Given the results of this study, which indicate that AR-positive TNBC has low sensitivity to chemotherapy, AR-targeted-endocrine therapy may be one such promising therapeutic strategy. It is also known that AR and ER interact. Panet-Raymond et al (2000) demonstrated that the transcriptional activity of AR was inhibited by ER in vitro. In hormone-dependent breast cancer cells, induction of 7βHSD2 mRNA by active androgen dihydrotestosterone was inhibited by oestradiol (Takagi et al, 2010). These reports indicate insufficient AR activation by androgen in the presence of oestrogen, even in AR-positive cases, suggesting that AR-positive TNBC is an optimal candidate for antiandrogen therapy. In this study, we investigated changes in AR expression among AR-positive TNBC recurrences, and found that in many cases, AR expression in the tissue was lost at recurrence, indicating that AR expression was an inhibitory factor in TNBC.

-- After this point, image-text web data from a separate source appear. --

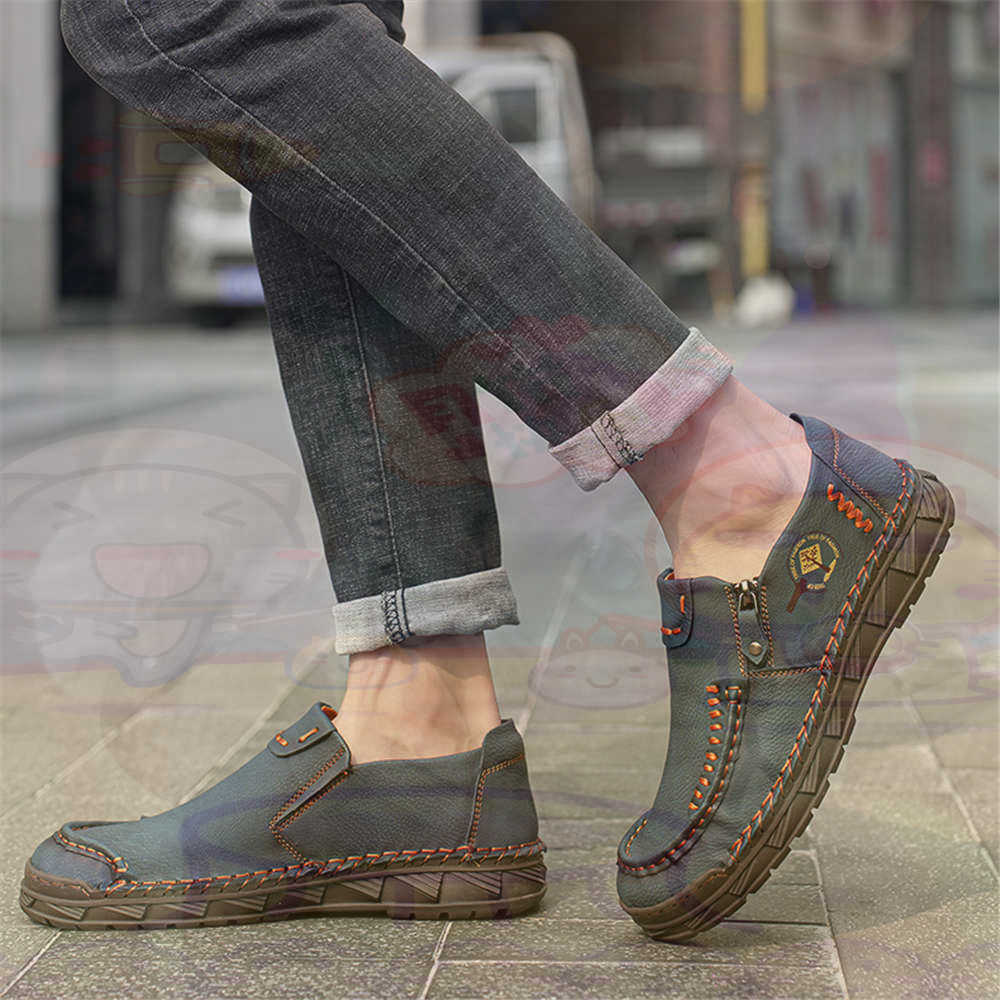 ตัวเลขขนาดเล็กขับรถรองเท้าผ้าใ - Streetwear Brand Global บทวิจารณ์และราคา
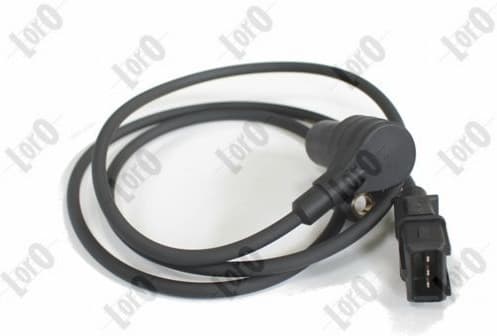 Sensor, crankshaft pulse LORO 120-04-010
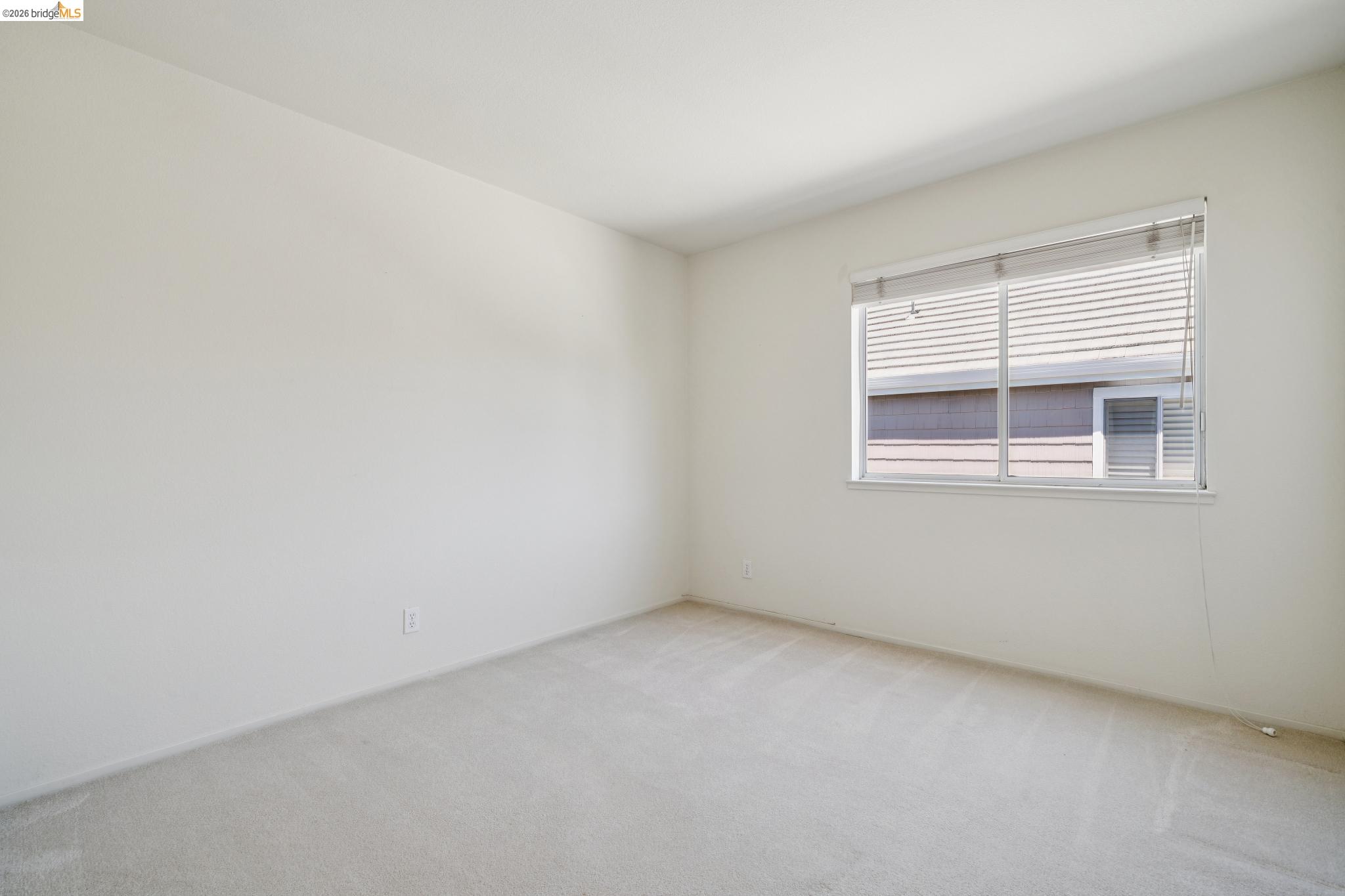 144 Joscolo View Clayton, CA 94517 - Photo 41 of 62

The aim of this study was to clarify, based on AR expression in patients with breast cancer, the differences in chemosensitivity, clinically and pathologically. The pCR rate was significantly higher in AR-negative than in AR-positive patients with TNBC. Our study demonstrates that AR-negative TNBC patients receiving NAC under standardised protocols consisting of FEC, followed by weekly paclitaxel, do not show any survival benefit compared with patients with AR-positive TNBC. Moreover, induction of a change in subtype to the AR-negative phenotype was observed after NAC.